Learning from Gates who dropped out of Harvard University to start his business career, Li Wancheng, a Chongqing Technology and Business University student, quit his college to open a shop in 2005. Later he worked as contractor of Building Automation System.

“I want to become the Chinese Bill Gates,” he said. “Each success now could bring me a step nearer to my idol.”

Shortly before his retirement, the philanthropist further impressed Chinese with his huge donation to the quake-ravaged region in southwest China and the announcement that his $58 billion fortune would be used for charity.

Such outlook complies with Chinese traditional values. As ancient philosopher Mencius once said “take care of yourself if you are poor, and help others if you are rich.” And as the old aphorism goes “a legacy, good education is better than piles of gold.”

“Gates views his massive fortune as an enormous obligation. In comparison, many Chinese millionaires believe money, a reflection of self value, and earning money as a way to stand out and bring honor to their ancestors,” said an editorial in the Guangzhou Daily in the southern Guangdong Province.
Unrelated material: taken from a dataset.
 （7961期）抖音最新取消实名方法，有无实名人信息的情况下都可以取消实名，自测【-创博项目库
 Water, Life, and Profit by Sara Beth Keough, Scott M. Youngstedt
The move of Gates was in sharp contrast with Chinese real estate tycoon Wang Shi.

After the deadly May 12 earthquake, which has claimed nearly 70,000 lives, the chief executive officer of Vanke came under fire for his statement that donations should be sustainable instead of a burden to enterprises.

He suggested that each employee of the company donate 10 yuan (some $1.5) once. He later apologized and pledged to invest 100 million yuan to help rebuild the quake-hit regions.

On the 2007 Hurun fortune list, the number of Chinese rich with assets exceeding $1 billion surpassed that of Germany to become second in the world.

“We should reflect on our education for children, and help them set up a good value system in the test of a soaring economy,” said a freelancer named Wang Yizhi on

On the other hand, the writer called for favorable policies in China, such as a tax reduction, to encourage rich people to conduct charity, transparency on how the money was used and a monitoring system to ensure the funds were not misappropriated.

Gates, who has visited China 10 times, disclosed his first act as a full-time philanthropist was to the 29th Olympiad hosting country; his Bill and Melinda Gates Foundation would promote several health programs, including HIV/AIDS prevention and an anti-smoking campaign.

Maybe the Chinese people look for more than that: Bill Gates’ spirit as well.